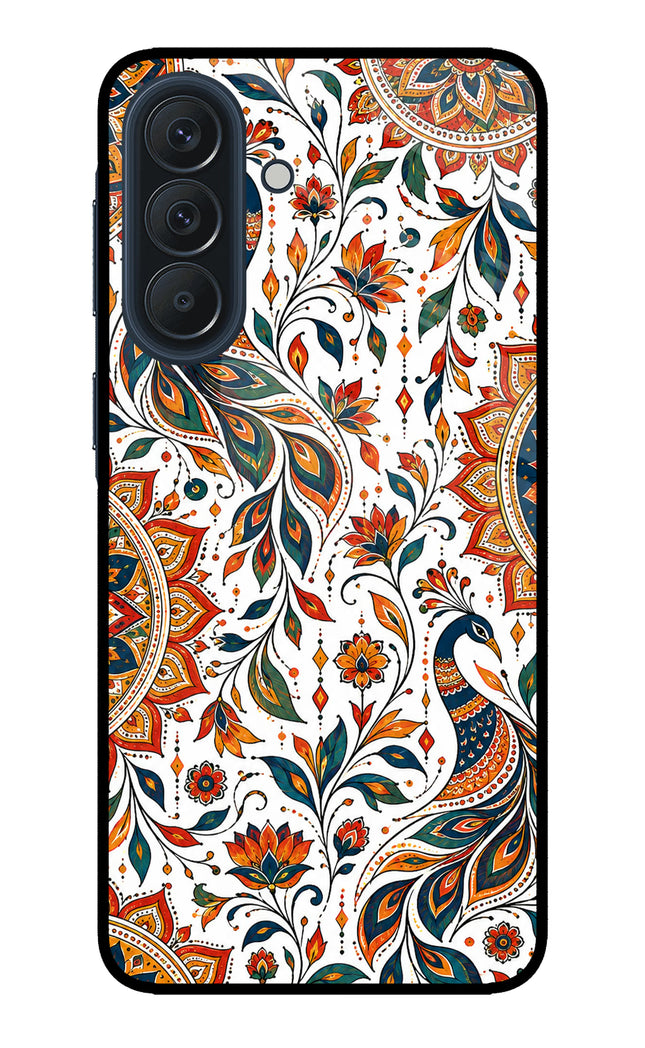 White Mayura Samsung A57 5G Metal Case Back Cover by Casekaro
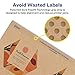 Avery Kraft Brown Hexagon Labels, Sure Feed Technology, 2-1/2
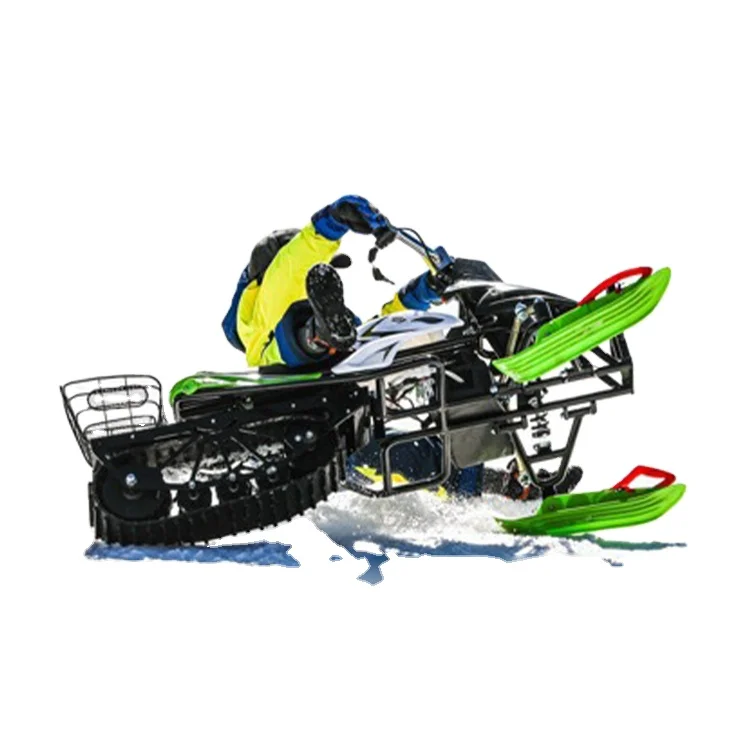 Snow Moto QK Snowmobile Gasoline Snow Scooter Snowmobile Powerful Chinese Max Top Customize Snow Scooter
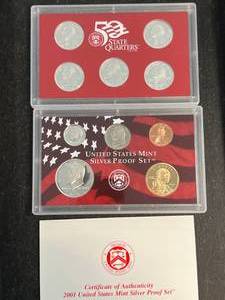 2001 US MINT SILVER PROOF SET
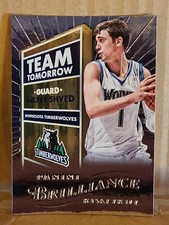 2012-13 Alexey Shved Team Tomorrow Rookie Rc Panini Brilliance 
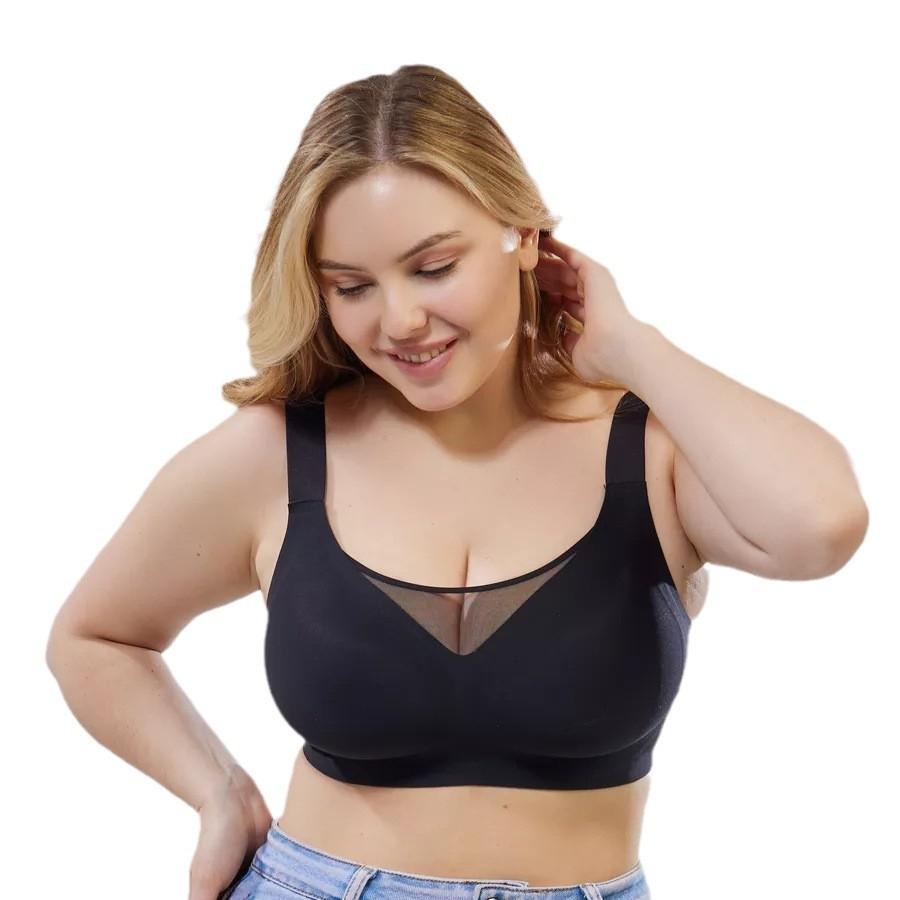 Unmarked Plus Size Bra for Women Anti Glare and Anti Sagging Gathering Plus Size Bra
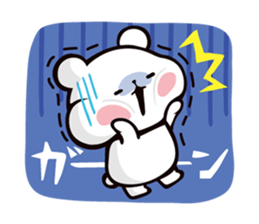 Mochi Mochi Panda - Black and White - sticker #10650736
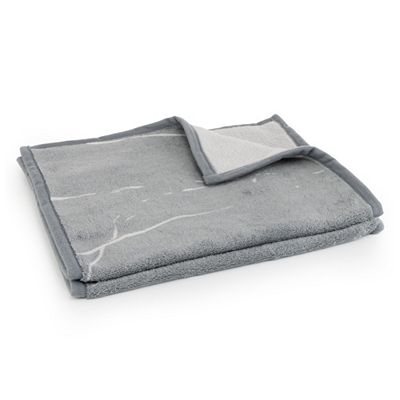 Thumbnail - BADIZIO Softdry 2 Gästehandtücher Marmor-Design MF Kuschelplüsch ca. 30x50cm
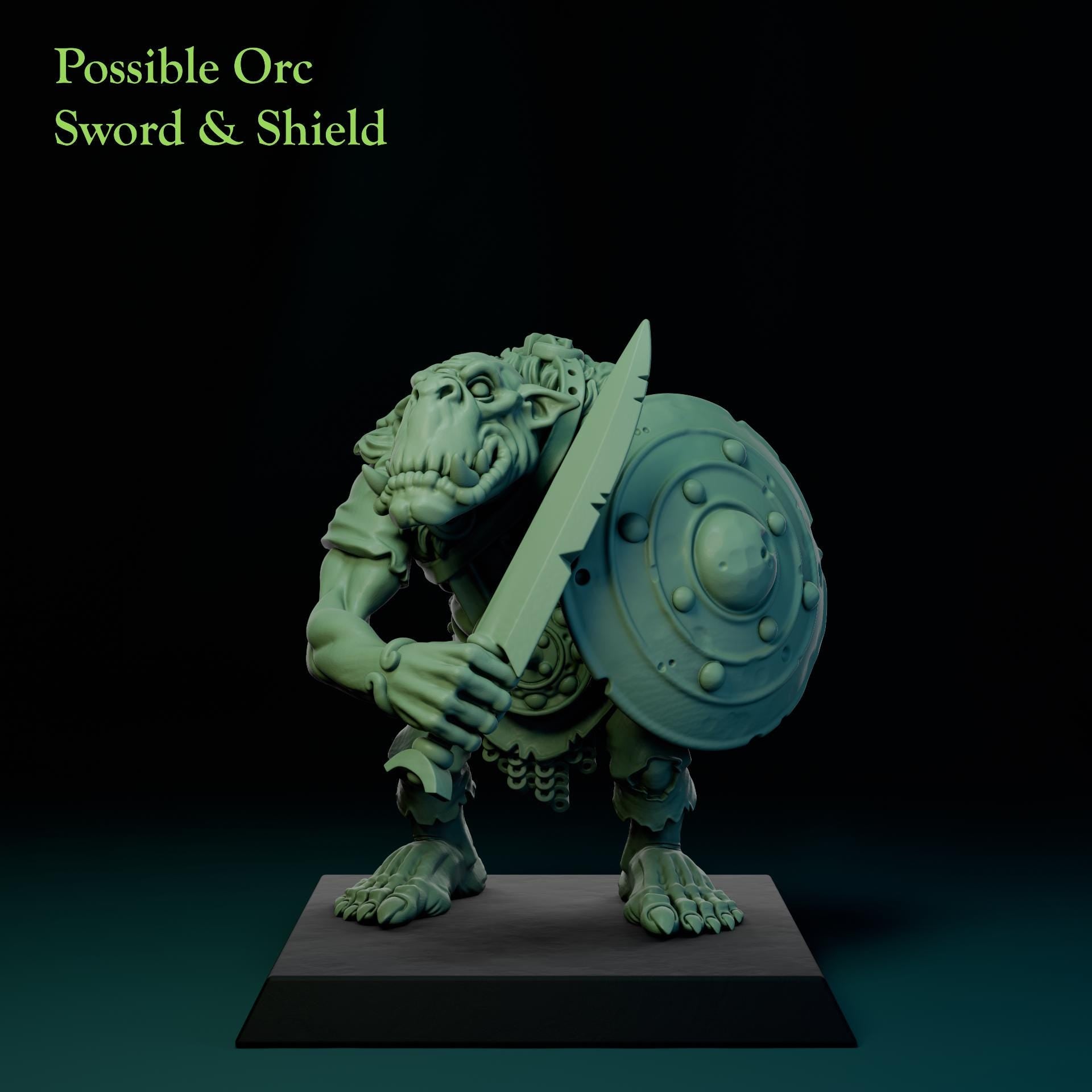 Longsnouts Orc Soldiers Miniatures Kit | The Longsnouts | Fantasy Wargaming | 32mm Scale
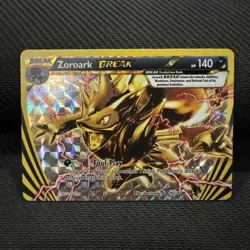 Zoroark BREAK - 92/162 - Pokemon Breakthrough XY Ultra Rare Card NM - Image 1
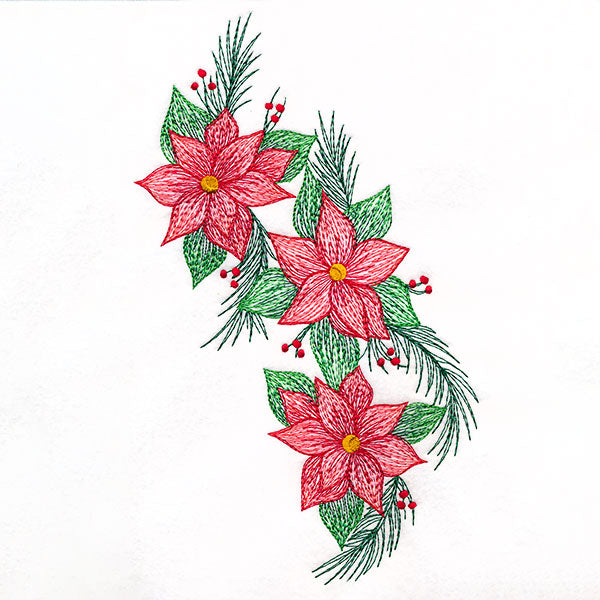 Textured Christmas Poinsettias Feature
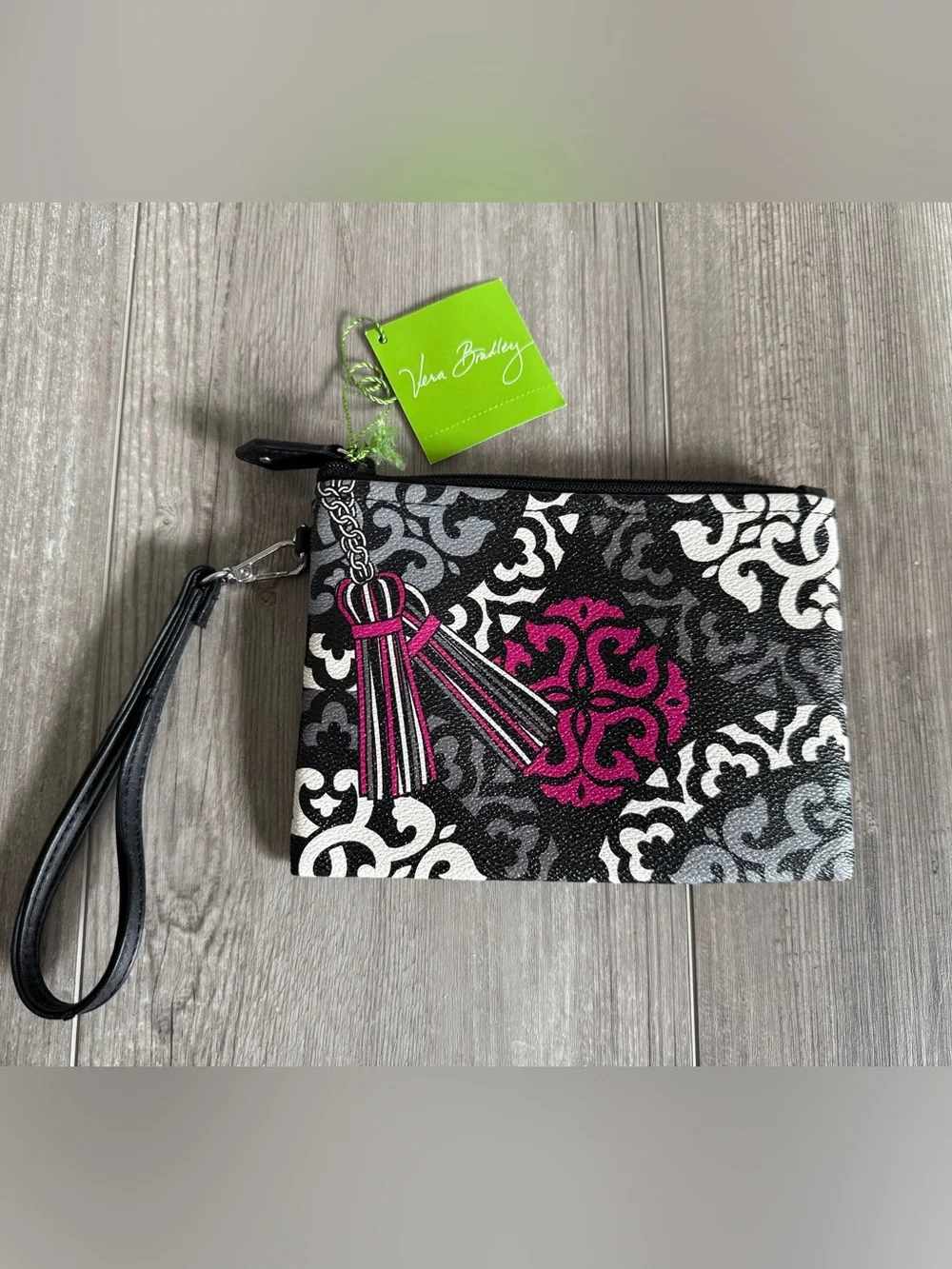 Vera Bradley Limited Edition Double Take Zip Pouch in Cranberry Magenta NWT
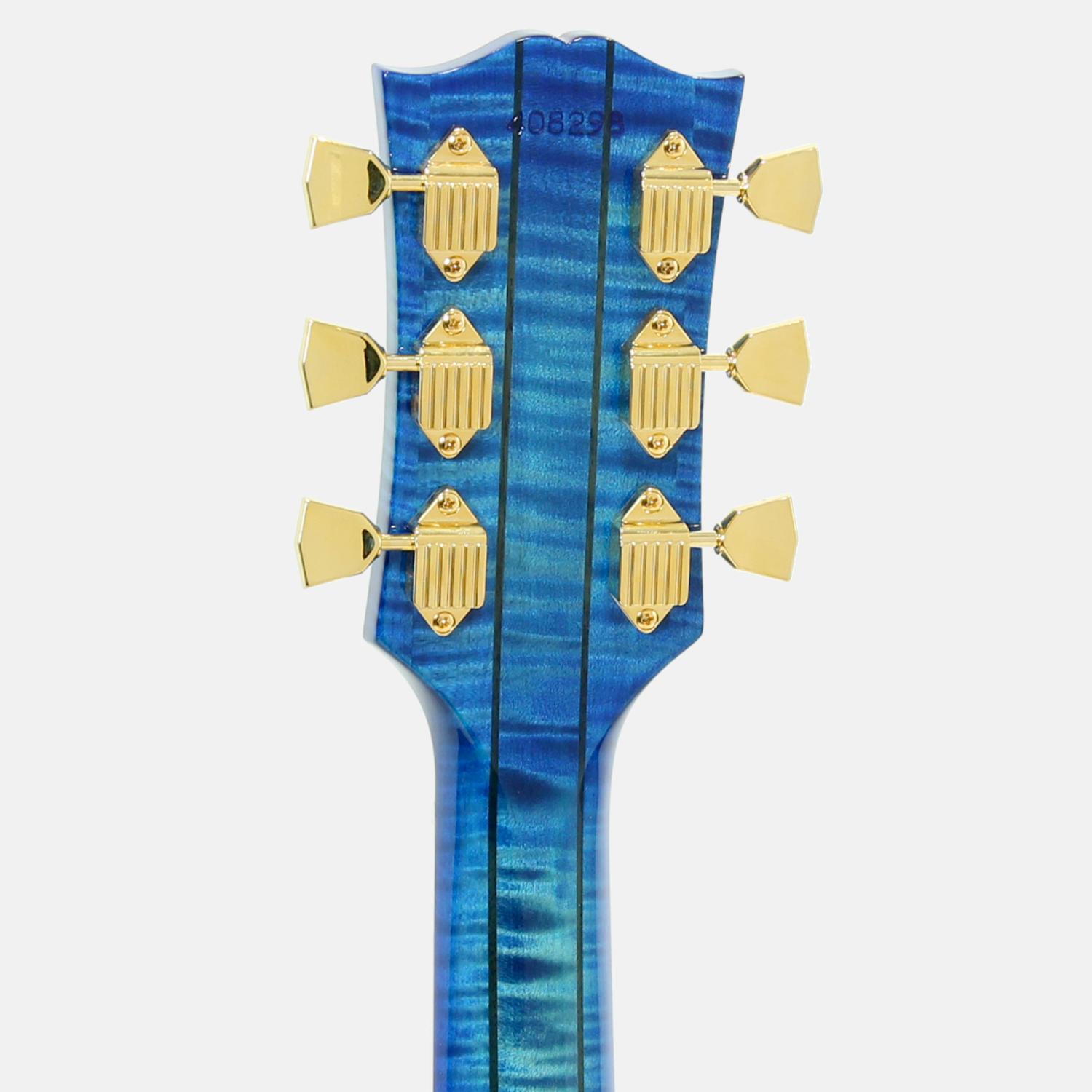 Gibson Custom Shop 1968 Les Paul Custom 5A Quilt Top Trans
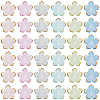 180Pcs 6 Colors Transparent Acrylic Bead Caps TACR-PA0001-08-7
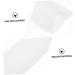 STOBOK Cake Stencil Handmade Soap Sandwich Bread Silica Gel Chocolate White Chocolate Molds White 32.1X5.3cm - Buy Online on SooperMarket.com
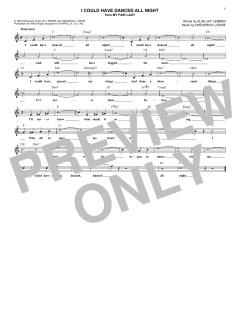 I Could Have Danced All Night von Alan Jay Lerner (Download) 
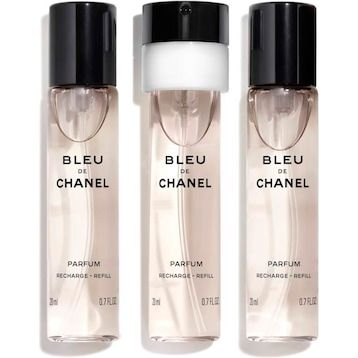 'Bleu de Chanel' Eau de Parfum - Refill - 20 ml, 3 Pieces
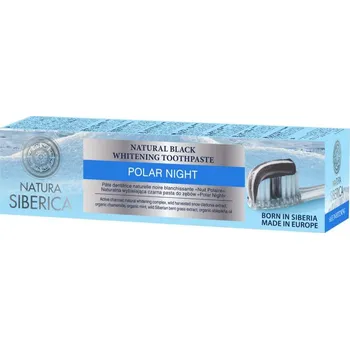 zubní pasta TML a.s. Přírodní černá bělící zubní pasta „Polární noc“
▬▬▬▬▬▬
### Problem description
Your answer must be an exact reproduction of all entries, containing no pictures.

### Solved problem
 White Mayura Samsung A57 5G Metal Case Back Cover by Casekaro
 Avery Kraft Brown Hexagon Labels, Sure Feed Technology, 2-1/2
 Snow Moto QK Snowmobile Gasoline Snow Scooter Snowmobile Powerful Chinese Max Top Customize Snow Scooter
 2001 US MINT SILVER PROOF SET
 2012-13 Alexey Shved Team Tomorrow Rookie Rc Panini Brilliance 
 Unmarked Plus Size Bra for Women Anti Glare and Anti Sagging Gathering Plus Size Bra
 Mochi Mochi Panda - Black and White - sticker #10650736
 Thumbnail - BADIZIO Softdry 2 Gästehandtücher Marmor-Design MF Kuschelplüsch ca. 30x50cm
 Longsnouts Orc Soldiers Miniatures Kit | The Longsnouts | Fantasy Wargaming | 32mm Scale
 Zoroark BREAK - 92/162 - Pokemon Breakthrough XY Ultra Rare Card NM - Image 1
 Textured Christmas Poinsettias Feature
 Vera Bradley Limited Edition Double Take Zip Pouch in Cranberry Magenta NWT
 Gibson Custom Shop 1968 Les Paul Custom 5A Quilt Top Trans
 180Pcs 6 Colors Transparent Acrylic Bead Caps TACR-PA0001-08-7
 STOBOK Cake Stencil Handmade Soap Sandwich Bread Silica Gel Chocolate White Chocolate Molds White 32.1X5.3cm - Buy Online on SooperMarket.com
 I Could Have Danced All Night von Alan Jay Lerner (Download) 
 'Bleu de Chanel' Eau de Parfum - Refill - 20 ml, 3 Pieces
 zubní pasta TML a.s. Přírodní černá bělící zubní pasta „Polární noc“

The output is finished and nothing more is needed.